11 Top-Rated Things to Do in Albany, NY
Author Lisa Alexander lives in Upstate New York.
Albany gets the short shrift when it comes to tourism hype. This city is often overlooked, even though it is the capital of New York state and boasts top-notch cultural attractions. The favorite things to do include visiting several excellent museums and stunning architectural landmarks.
Albany is also a worthwhile place to visit for those who want to learn about New York state history, art, and government. Albany also offers friendly, unpretentious vibes and a lively atmosphere. The city's diverse population enjoys a vibrant restaurant scene with a wide array of ethnic options and many casual cafés.
As an added bonus for travelers, there are many worthwhile tourist destinations just a short drive away. For instance, it's easy to take a day trip to Saratoga Springs farther upstate or to Stockbridge, one of the top places to visit in the Berkshire Mountains of Massachusetts.
Plan your sightseeing in this cosmopolitan capital with our list of the top things to do in Albany, New York.
1. Take a Tour of the New York State Capitol
Even if you have visited many other state capitols previously, be sure to take a tour of the New York State Capitol. The unique architecture of the NY Capitol building sets it apart from every other state capitol in the country.
Replacing a small state house, the New York State Capitol was built over a period of 32 years, beginning in 1866 and inaugurated by Governor Theodore Roosevelt in 1899. No expenses were spared in the extravagant building project, which cost more than 25 million dollars (exceeding the cost of the U.S. Capitol).
This distinctive 19th-century monument features a Neo-Gothic facade constructed from solid granite masonry. Unlike most state capitols, the New York State Capitol has a Mansard roof (typical of French architecture) instead of a dome. Although the exterior is quite elegant, it does not hint at the exotic magnificence of the interior.
Stepping past the entrance lobby, visitors are shocked by the surprising architecture. The building blends Moorish Gothic and Romanesque Revival styles, recalling the architecture of Venice or the Andalusian region of Spain. Design motifs include rounded arches, elaborately hand-carved capitals, and ornate geometric patterns. The exquisite craftsmanship and grand spaces give the interior a sumptuous yet inviting feel.

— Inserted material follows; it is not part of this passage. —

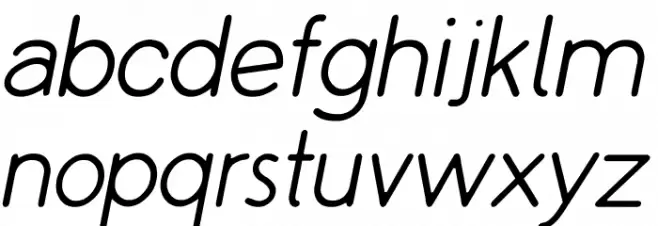 Copilme Light Italic خط أحرف صغيرة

Guided tours (available Monday through Friday at 10am and 12noon) allow tourists free entry into the building. This includes a one-hour tour led by a knowledgable docent, and access to roam the public areas of the building after the guided tour concludes.

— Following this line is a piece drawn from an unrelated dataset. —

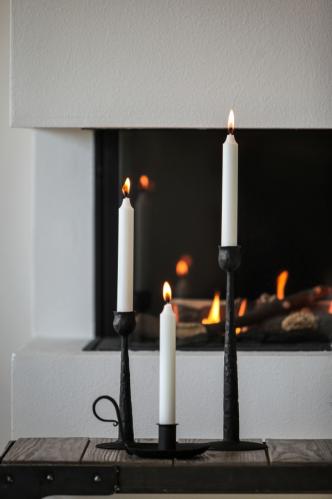Ljusstake - Kammarljusstake - Gjutjärn - 8 x 17 cm - www.frokenfraken.se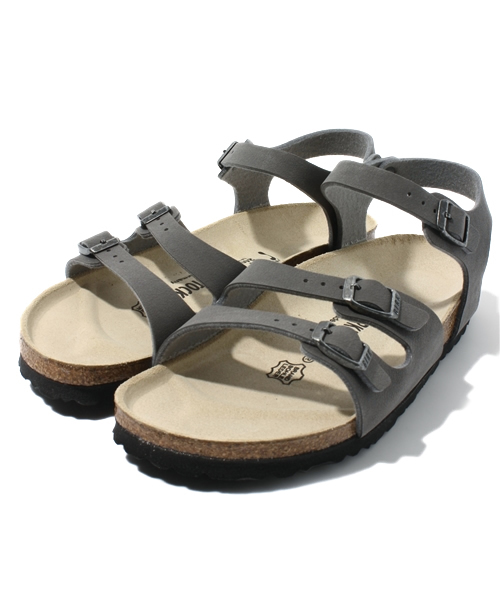 BIRKENSTOCK（ビルケンシュトック）の「■新作・フラットサンダル■KORSICA BF SamtGray (WOMEN)（サンダル・レディース・グレー・35/36/37/38/39）」の10枚目の写真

Visitors will see the Assembly Staircase, a marvelous Moorish Gothic confection crafted from sandstone and granite, as well as the opulent Great Western Staircase, known as the "Million Dollar Staircase," which features portraits of prominent New Yorkers carved into the stonework (look for Abraham Lincoln, Frederic Douglass, Walt Whitman, and Susan B. Anthony).
The tour also takes visitors to the chambers where government officials work. The lavish Senate Chamber features Siena marble columns, mahogany wood desks, Spanish leather-upholstered chairs, stained-glass windows depicting the State seal, and gold-leaf wallpaper. Because the chamber has superb acoustics, senators call out "yay" or "nay" votes in a regular speaking voice. Two ornamental fireplaces double as alcoves for private conversations.

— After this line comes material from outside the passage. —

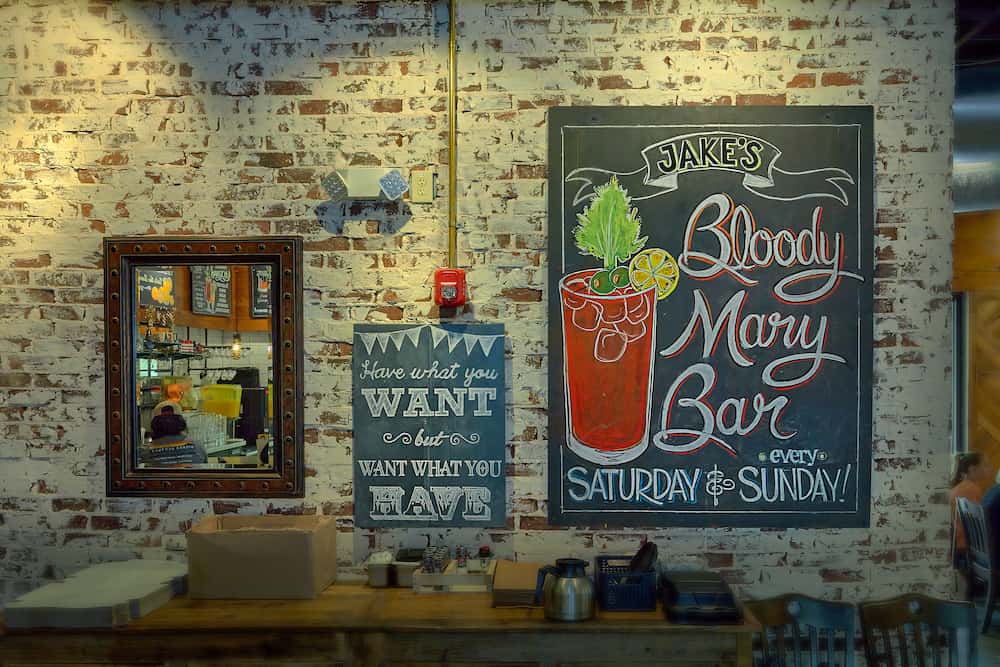 bloody mary sign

In the slightly less lavish Assembly Chamber, legislators cast their votes electronically.
Other highlights of the Capitol's interior include the Hall of Governors, a portrait gallery that displays the likenesses of New York's governors along with a timeline that shows key historical events of each governor's term; the Hall of New York, a gallery of paintings that depict the cities and landscapes of New York State including works by Hudson River School artists; and the Flag Room, which contains battle flags dating back to the War of 1812.
After touring the interior, visitors may want to spend some time in West Capitol Park next to the Capitol building. Tourists and government workers alike enjoy this pleasant, shaded spot for picnic lunches or relaxing on park benches beneath the tall leafy trees. Food trucks are found next to the park on Washington Avenue.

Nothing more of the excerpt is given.